We left the abandoned marina at West End in search of another abandoned waterway but found ourselves, instead, in a section of channels behind the Port Lucaya Marina not far from Freeport. It was late in the day when we arrived. December 20. The sun was setting and the wind an issue so we were hoping for a fairly protected anchorage. We ended up tying up at a piling in a secluded area surrounded by three derelict boats. They were floating but didn’t seem to be capable of much more than that. Two of them had blue tarps strung up, presumably to protect the residents from the elements. One resident, a small yippy dog, greeted us as we tied up. Or perhaps he was warning us to stay away. I may have slept with one eye open that night but we awoke the next morning to blue skies and fair winds and we were on our way to our next destination: the aforementioned waterway with the towering, abandoned Arawak Hotel. This would be our last stop on Grand Bahama before heading south.

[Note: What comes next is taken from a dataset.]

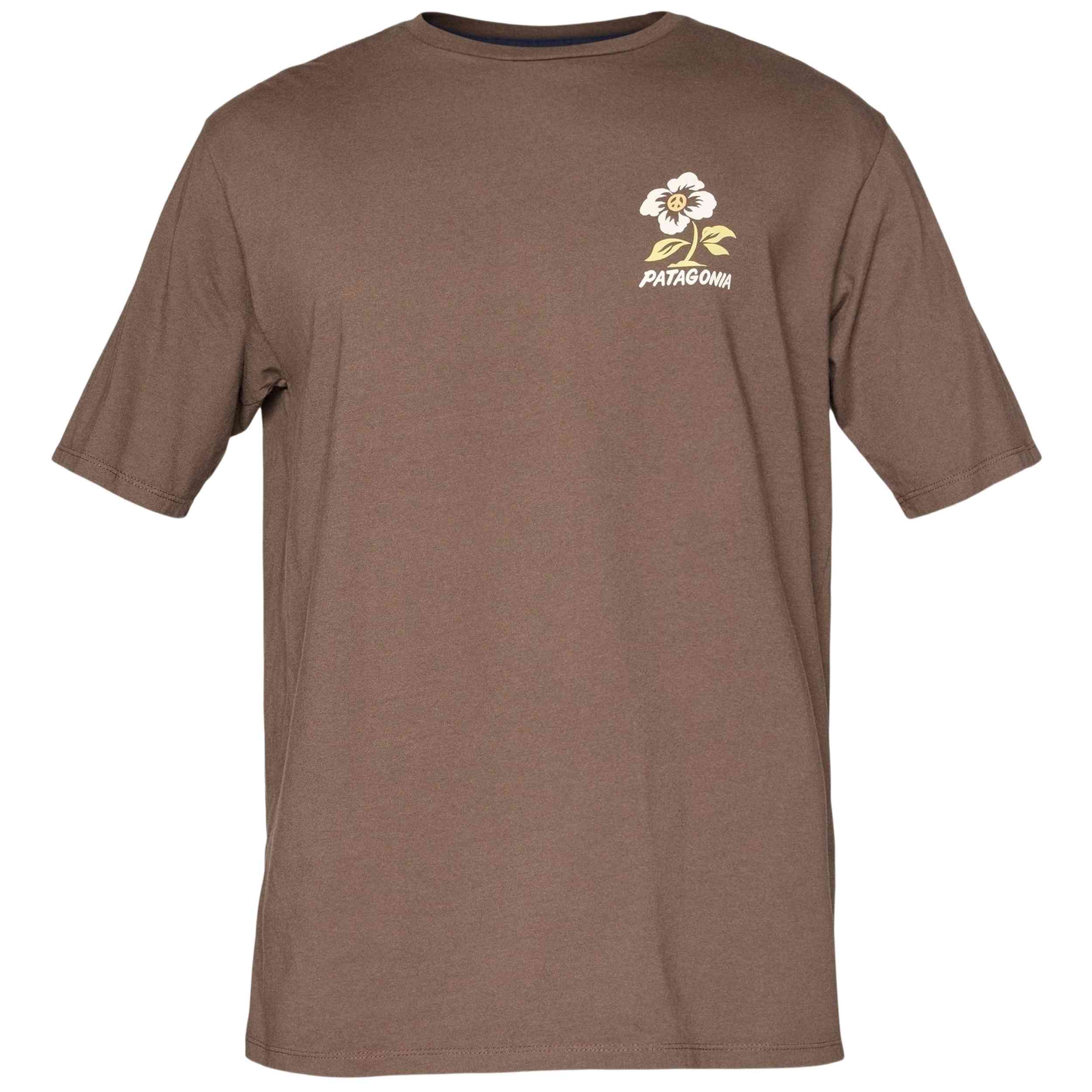 Imagen del producto con referencia 37823-PSML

The winds had not relented since our crossing but we were planning to meet a friend in Nassau as close to December 26 as possible so, early on December 23 we pushed on to Great Stirrup Cay in the Berry Islands - more than a ten-hour sail. Great Stirrup is one of hundreds of privately-owned islands in the Bahamas; this one by Norwegian Cruise Lines for the enjoyment of their passengers. Sheltered in the leeward side of the island near Great Harbour, we enjoyed the lights and sounds of holiday revelers on shore and celebrated our first Christmas together with a traditional family dinner of ham and pierogis. The next morning, Boxing Day, we were off bright and early to Chub Cay - our next stepping stone to Nassau.
I imagine that Chub Cay is a lovely place to visit but, after a night of rough seas and little sleep - imagine trying to rest inside a running washing machine - we decided to take advantage of the sunshine and wind at our backs. We were up early setting the main and hauling out the spinnaker for the most lovely sail of our adventure up until that point and coasted all the way to Nassau. It was heavenly.